Frances Crook, Chief Executive of the Howard League for Penal Reform, said: “Last year the Chief Inspector of Prisons said that there was no prison in the land where a child was safe. This report, which supports the Howard League’s research, helps to explain why.

“It is scandalous that children are being held by the state in conditions where bullying and violence are a part of everyday life – and, by resorting to more and more punishment in a desperate attempt to solve the problem, understaffed prisons are making matters worse.

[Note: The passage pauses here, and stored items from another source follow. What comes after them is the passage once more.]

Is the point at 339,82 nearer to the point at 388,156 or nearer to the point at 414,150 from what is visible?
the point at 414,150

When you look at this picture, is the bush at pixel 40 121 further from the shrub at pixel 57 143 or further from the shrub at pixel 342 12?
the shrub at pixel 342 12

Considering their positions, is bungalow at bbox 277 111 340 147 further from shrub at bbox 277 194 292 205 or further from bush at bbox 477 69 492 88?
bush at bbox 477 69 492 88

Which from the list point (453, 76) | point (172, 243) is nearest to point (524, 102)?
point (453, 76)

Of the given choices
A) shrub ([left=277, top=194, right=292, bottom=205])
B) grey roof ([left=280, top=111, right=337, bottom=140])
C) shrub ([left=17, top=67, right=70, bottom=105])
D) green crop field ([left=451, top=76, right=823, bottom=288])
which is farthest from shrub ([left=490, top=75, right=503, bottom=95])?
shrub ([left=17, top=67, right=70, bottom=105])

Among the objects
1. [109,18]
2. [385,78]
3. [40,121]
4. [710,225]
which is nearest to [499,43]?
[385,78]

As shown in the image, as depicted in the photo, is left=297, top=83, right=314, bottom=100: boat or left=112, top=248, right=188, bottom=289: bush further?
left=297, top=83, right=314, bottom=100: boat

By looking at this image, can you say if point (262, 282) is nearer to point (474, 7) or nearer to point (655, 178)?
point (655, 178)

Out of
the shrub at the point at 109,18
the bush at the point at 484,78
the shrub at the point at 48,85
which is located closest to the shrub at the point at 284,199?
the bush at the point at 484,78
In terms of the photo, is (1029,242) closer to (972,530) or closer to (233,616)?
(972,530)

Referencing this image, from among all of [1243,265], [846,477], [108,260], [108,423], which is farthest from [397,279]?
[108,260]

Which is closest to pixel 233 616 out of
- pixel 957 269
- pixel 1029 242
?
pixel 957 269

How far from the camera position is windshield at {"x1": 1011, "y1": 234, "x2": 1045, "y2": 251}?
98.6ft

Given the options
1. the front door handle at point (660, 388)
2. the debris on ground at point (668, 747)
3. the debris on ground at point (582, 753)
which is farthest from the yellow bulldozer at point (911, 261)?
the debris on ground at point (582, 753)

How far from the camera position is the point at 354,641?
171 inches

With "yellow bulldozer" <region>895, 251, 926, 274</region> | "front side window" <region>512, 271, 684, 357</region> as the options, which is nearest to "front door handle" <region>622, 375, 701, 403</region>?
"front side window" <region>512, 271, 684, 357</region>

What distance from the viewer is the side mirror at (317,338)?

“Today I have written to the prisons minister, asking for a meeting to discuss the problem of additional days’ imprisonment. It is high time that this inhumane treatment of children was ended once and for all.”

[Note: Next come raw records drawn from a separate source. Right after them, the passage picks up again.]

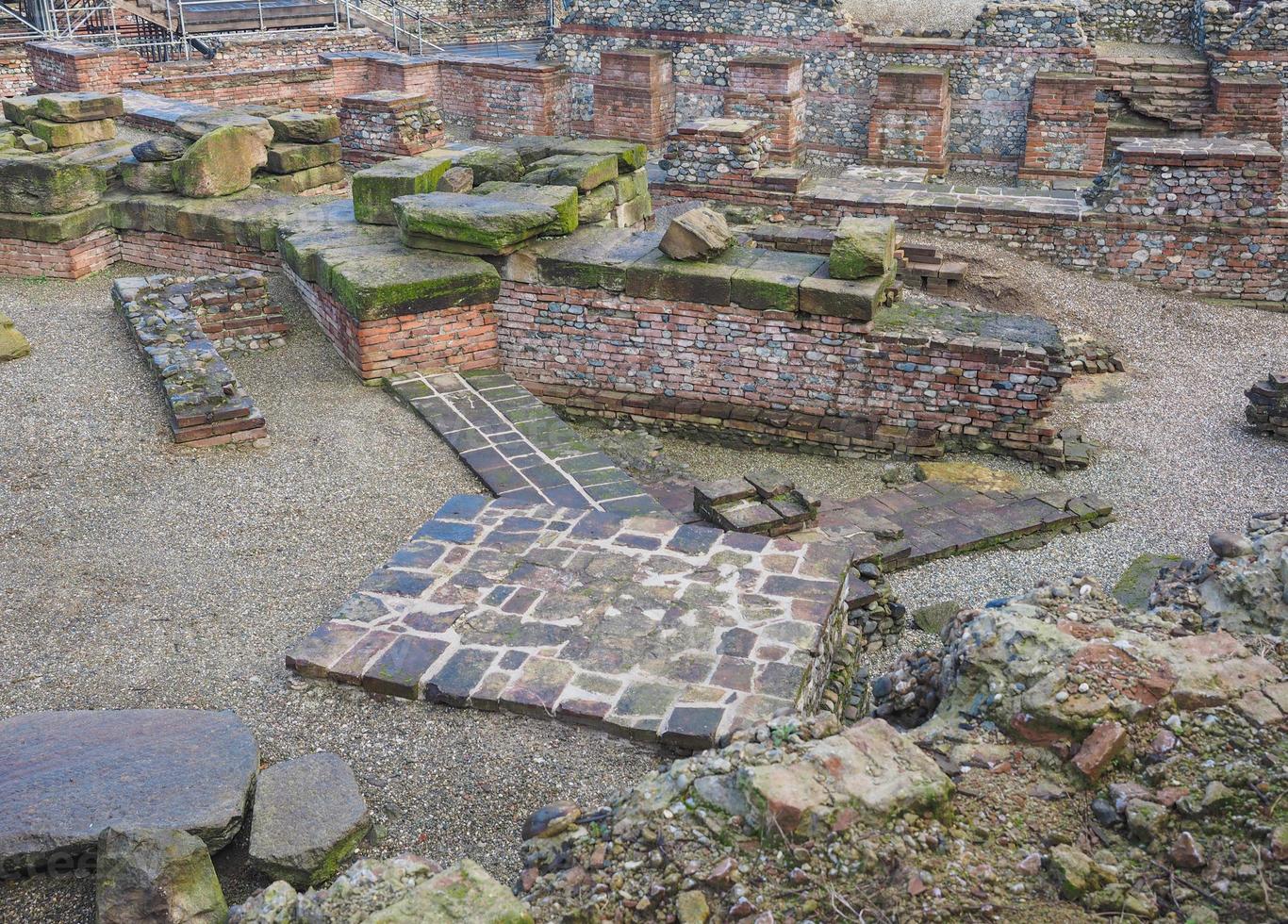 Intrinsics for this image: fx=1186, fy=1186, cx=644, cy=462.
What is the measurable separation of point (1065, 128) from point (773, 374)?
7553 millimetres

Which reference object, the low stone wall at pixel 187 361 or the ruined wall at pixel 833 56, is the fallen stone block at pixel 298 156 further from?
the ruined wall at pixel 833 56

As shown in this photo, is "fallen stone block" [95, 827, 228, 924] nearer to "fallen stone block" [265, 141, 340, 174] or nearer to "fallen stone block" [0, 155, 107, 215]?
"fallen stone block" [0, 155, 107, 215]

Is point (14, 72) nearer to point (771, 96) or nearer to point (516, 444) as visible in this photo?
point (771, 96)

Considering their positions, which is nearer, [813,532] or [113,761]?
[113,761]

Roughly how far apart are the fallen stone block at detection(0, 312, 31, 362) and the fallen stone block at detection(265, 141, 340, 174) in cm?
334

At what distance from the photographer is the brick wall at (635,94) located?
16.1 metres

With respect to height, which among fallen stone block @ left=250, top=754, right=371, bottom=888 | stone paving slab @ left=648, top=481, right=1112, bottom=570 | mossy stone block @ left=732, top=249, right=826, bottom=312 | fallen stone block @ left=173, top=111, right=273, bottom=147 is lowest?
stone paving slab @ left=648, top=481, right=1112, bottom=570

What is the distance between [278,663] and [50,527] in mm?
1996

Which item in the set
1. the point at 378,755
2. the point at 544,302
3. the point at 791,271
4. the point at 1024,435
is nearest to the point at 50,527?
the point at 378,755

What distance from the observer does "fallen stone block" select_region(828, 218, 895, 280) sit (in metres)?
8.35

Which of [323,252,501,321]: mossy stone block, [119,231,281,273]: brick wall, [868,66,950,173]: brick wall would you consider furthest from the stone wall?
[119,231,281,273]: brick wall

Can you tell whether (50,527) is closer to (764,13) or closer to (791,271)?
(791,271)

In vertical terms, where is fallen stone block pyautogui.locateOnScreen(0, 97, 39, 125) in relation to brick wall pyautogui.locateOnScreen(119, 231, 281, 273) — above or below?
above

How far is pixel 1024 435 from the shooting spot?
8.40 meters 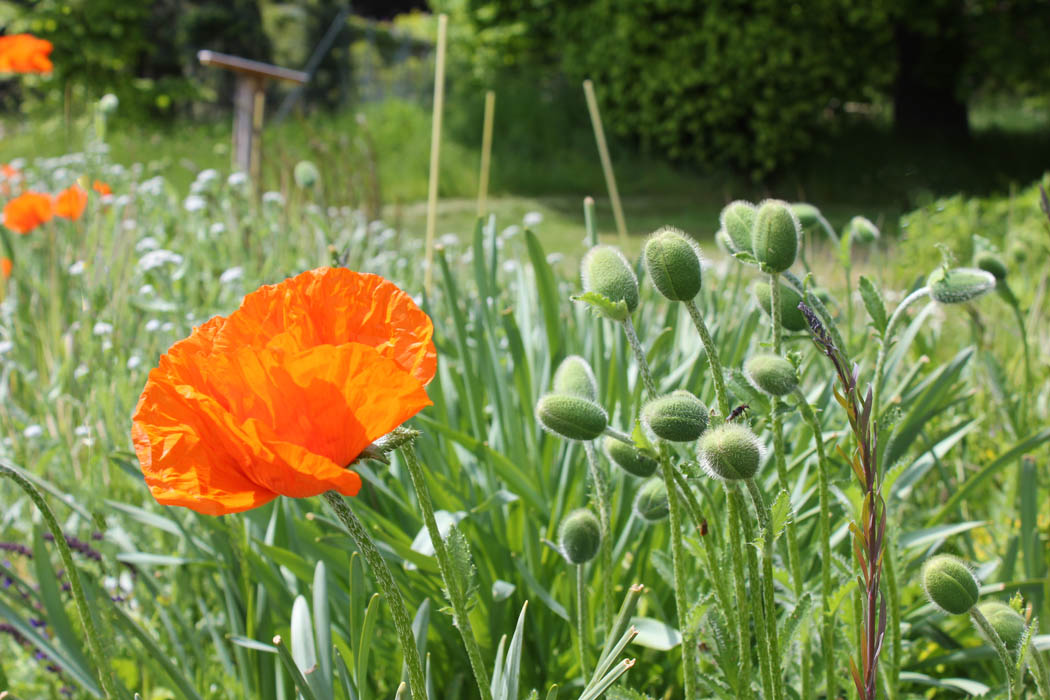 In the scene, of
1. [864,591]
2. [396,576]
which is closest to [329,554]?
[396,576]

Research by the Howard League last year showed that children and young adults in prison were being disproportionately affected by adjudications and additional days. Prisons that hold children were found to have recorded some of the largest increases in the use of additional days.

Cookham Wood prison, which primarily holds children aged 15 to 18, handed down 1,059 additional days in 2016, compared to 784 in 2015 and 207 in 2014.

Feltham prison handed down 3,027 additional days in 2016, almost double the 1,526 handed down in 2015. An HM Inspectorate of Prisons report on Feltham, published last year, found that conditions in the prison, particularly in relation to safety, had deteriorated and that “this had resulted in a cycle of violence and punitive responses, with no obvious strategy to break it”.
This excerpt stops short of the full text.